The university’s Strategic Pathways committee is expected to announce its verdict in November. In the meantime, the Seawolves are scrambling to salvage any potential for a picture better than the present best-case scenario.

How that affects the air at Sullivan Arena for UAA’s four October home dates shall be seen. But as Woody articulated, the sudden discontinuation of the program-hosted Kendall Hockey Classic is the least of the stressors.

“UAA hockey supporters are on edge,” he said. “They don't know if the program will get gassed or simply endure budget cuts. Hey, it's tough all over in Alaska with the stagnant price of oil and a huge state budget crisis that hits the entire University of Alaska system, not just athletics.”

High-profile hockey content is not all lost on Woody’s beat.
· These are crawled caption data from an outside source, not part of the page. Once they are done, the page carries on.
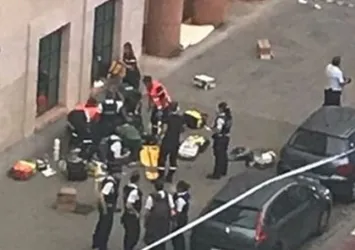 Brüksel'de askerlere palalı saldırı!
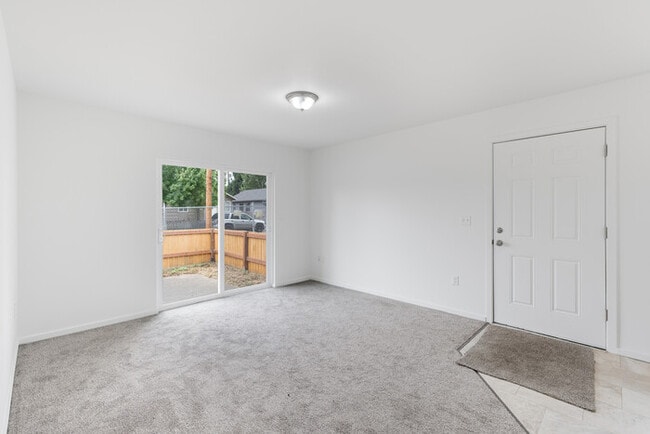 Building Photo - TWO BEDROOM ONE BATH APARTMENT IN LONGVIEW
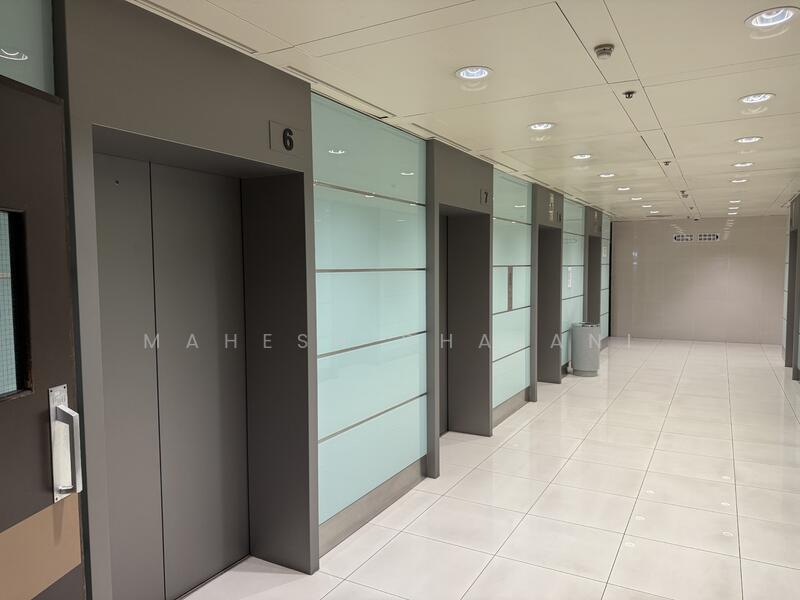 Peninsula Plaza, 111 North Bridge Road, 823 sqft, Office For Rent, by Mahesh Dhalani, 25581677 - Corridor - CommercialGuru.com.sg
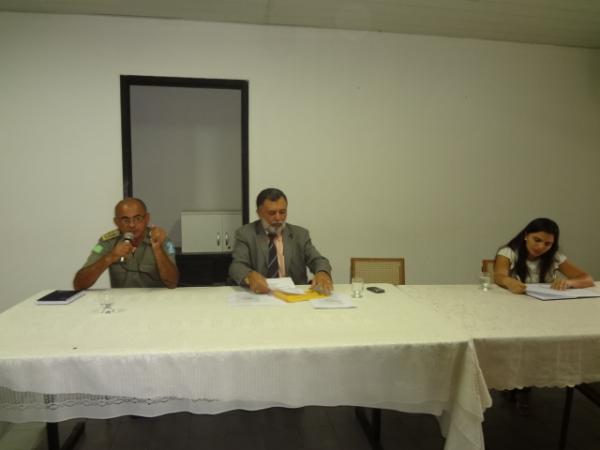Reuni&atilde;o sobre propaganda eleitoral &eacute; realizada no F&oacute;rum.(Imagem:FlorianoNews)
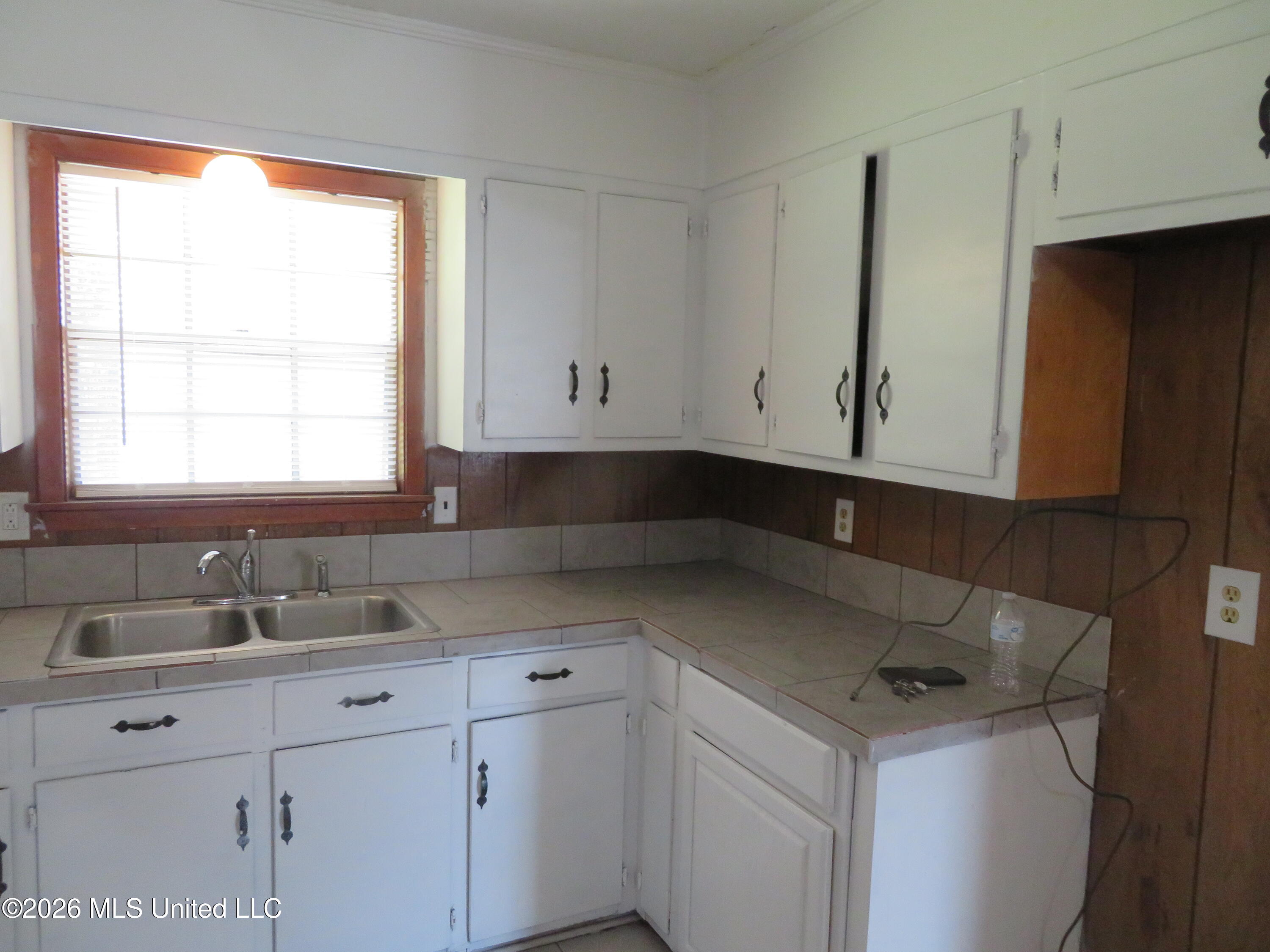 356 Springdale Circle D'Iberville, MS 39540 - Photo 6 of 22 IMG_0950
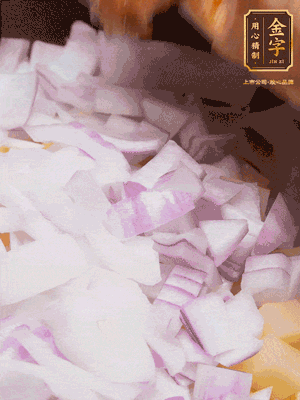 倒入洗干凈的大米、土豆丁、洋蔥碎、排骨、金字火腿xo醬、水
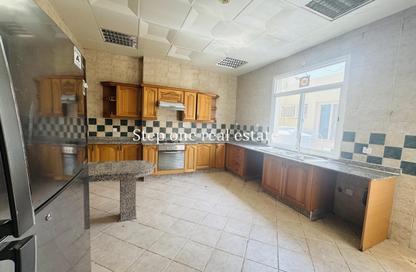 Compound - 3 Bedrooms - 4 Bathrooms for rent in Bu Hamour Street - Abu Hamour - Doha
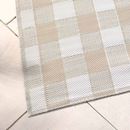 Bild von Gingham Natural Outdoor Rug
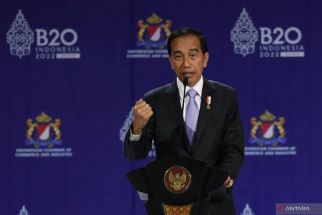 Jokowi Pamer Kinerja Ekonomi Indonesia, Sentil Pujian IMF di Forum B20 Bali - JPNN.com Bali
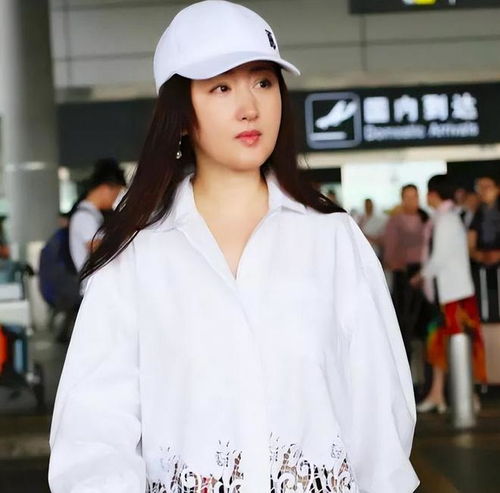 杨钰莹带火了一种新穿法白衬衫短裤短靴,时髦洋气又减龄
He still has the ECHL’s Alaska Aces to chronicle, and he keeps a keen eye on the state’s products in the NHL. Amidst the angst over the college program late last month, he penned a protracted narrative on Scott Gomez as the Anchorage native ended his 16-season, 1,079-game career.

But the Seawolves were there first, and that counts for something.

“Covering UAA has been a big part of my career,” Woody said. “(It) has allowed me to meet a slew of very good reporters and writers, many of whose work I admired, and so I tried to steal some of their better attributes — if you're not stealing something from talented colleagues, you're not trying.”

New age, same penman, same passion

Deep into the Internet-centric, new-media era, business trips to the contiguous states are deader than broadsheets. In turn, Woody does not hear the voices of his press-box peers nearly as often as he once did.

In some ways, convenience does not equal contentment for him.

“About the only downside of technology is that it’s so easy to find information that I no longer have to make the countless phone calls I made back in the ’80s and early ’90s,” Woody said. “But that also means I don't talk to as many hockey folks and strengthen connections. Plus, by not traveling, I miss out on a lot of postgame, at-the-bar sessions on the road.

“I learned a lot about hockey, and reporting and writing, in those sessions, which also taught me how to travel on three hours of bad sleep and a bit of a headache.” 

Today, like Sarah before him, Woody has planted his feet more consistently in the Last Frontier. And the tradeoff of sacrificing visits to other venues for a clearer head extends to the blessings of Twitter. With that, the beat writers’ fraternity he once fostered in person is preserved from afar while information travels with the speed of a breakout pass.

“The Internet and Twitter help maintain a connection to college hockey, thankfully, as does live streaming,” he said. “Remember, I’m so old I recall when we had to get WCHA stats through a fax-back. You literally dialed a fax number, punched in some access code and waited for the fax to spit out the updated weekly stats.”

With current technology, there also remains ample space for casual discussion and shameless tourism plugs. Earlier this month, Woody gave a stick-tap to the Grand Forks Herald’s Brad Schlossman for the latter’s endorsement of Anchorage establishments.

And then there is the new venue for creativity, which Woody maximizes through his handle, @JaromirBlagr.

The play on the name of the NHL’s most seasoned active player inadvertently reaffirms his Alan Shemper-esque habit of joking about his maturity. Although, he admits he accepted the alias at the suggestion of a friend.

“Wish I could take credit for the Twitter handle,” he said, “but I'm not remotely that clever. That came from my friend Josh Nova, a Fairbanks boy and former co-worker who loves puns, and came up with that one in a heartbeat.

“It has also earned Sarah the nickname Mrs. Blagr among some readers. So, yeah, my bride is living the dream up here.”

Oh, the now-not-so-untold enjoyments of East Anchorage.